The book was especially well received for its careful approach of analyzing statistics and making use of a progressive method. Many reviews praise the author for his objective, scientific method and his care for exceptionally detailed analyses. Many of Aschaffenburg's conclusions drawn in Crime and its repression based on carefully collected and verified data could debunk several theories that were discussed in the domain of criminology at the time of publishment. Reviews from the US praise the author for his sharp way of reasoning and conclude that his statements focused on Germany can easily be transferred to the US. In particular, his opinions about juveniles involved in court trials found much support among the academic community. Aschaffenburg was commended for the amount of psychological insight these sections showed. Especially the proposal of individualization of punishment was perceived as rather novel and progressive and Aschaffenburg was one of the leading advocates for this proposal. An additional factor that made Crime and its repression so novel and impressive for reviewers from journals about political and social sciences for example, was the emphasis that was laid upon the search for causes of criminality itself. Aschaffenburg's eagerness to actually identify the causes of criminal behaviour and treat the problem at the root was well received by scholars around the world.

The same reviews often criticize the lack of reference to the US, where some of Aschaffenburg's proposals were already implemented. Scholars strain that Aschaffenburg could have easily turned to some states in the US as an example discuss the effectiveness of indeterminate sentences, probation as well as parole regulations and prisoners aid societies.

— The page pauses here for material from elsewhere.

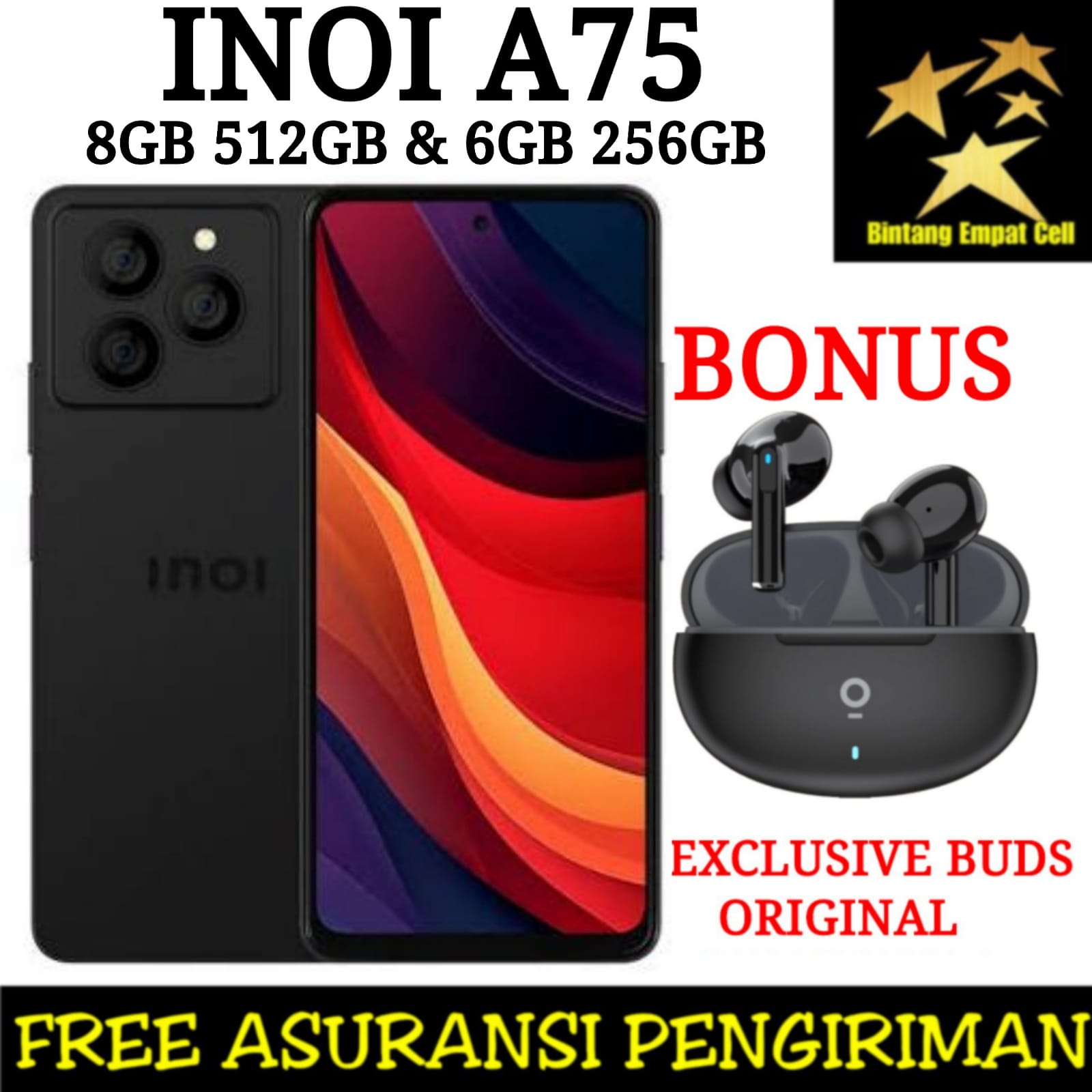 INOI A75 ELEGANCE NFC 8/512 & 6/256 GARANSI RESMI [MediaTek Helio G99, 6.78 INCH, 50MP CAMERA] Harga  2,099,000 rupiah*Gratis Ongkir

After the book was published, Gustav Aschaffenburg continued to practice in a psychiatry in Cologne and kept on publishing various educational books on criminology and psychology. He also published his first own magazine called "Monatszeitschrift", the first edition was sold in April 1904. He became one of the most influential forensic psychologists of his time, especially in Germany and the USA. After having to flee from nationalsocialism in the 1930s, he became a professor at the Johns-Hopkins University in the USA.

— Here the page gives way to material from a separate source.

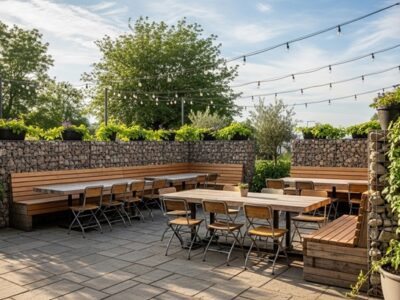 How to Build an Outdoor Eating Area with Gabions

=== Criminal psychology in Germany across the 20th and 21st century ===

Since the publication of the book, criminal psychology has seen a very dynamic development across the 20th century. In the beginning of the 20th century it experienced a rapid increase in popularity, partially due to the effort of Aschaffenurg and his book. The leading scholars of this movement were psychiatrists and lawyers up until the mid 20th century. The main efforts in the early 20th century were targeted at the combination of social and individual causes of crime, such as in Crime and its repression. In the Weimar years in Germany, the trend in criminology drifted away from sociological causes and focused increasingly on anthropological approaches. This was an approach that was not shared by Aschaffenburg's perspective as presented in Crime and its repression. Later on, under Nationalsocialism criminal biology got promoted. That included the firm belief in heredity of criminal behaviour and a lack of scientific reasoning. Heredity of criminal behaviour was something that was carefully analyzed by Aschaffenburg in his book. As opposed to his stance in Crime and its repression, heredity of criminal behaviour was generalized and misused around this time. Supported by the broader academic community, this approach became the basis for many of the crimes committed under the cover of criminology, such as forced sterilization or euthanasia programmes. Many renowned scholars, including Aschaffenburg himself or Max Grünhut for example expressed their disapproval and fled the country, contributing to the broader export of knowledge in the domain of criminal psychology. After 1945, criminologists in Germany started refocusing on the less drastic parts of criminal psychology and a shift towards the relationship between society and criminal behaviour became visible, something that Crime and its repression advocated for. Criminal psychology in the 21st century follows Aschaffenburg's basic concept from 1903, as explained in Crime and its repression, in the way it combines social and individual factors when assessing criminals.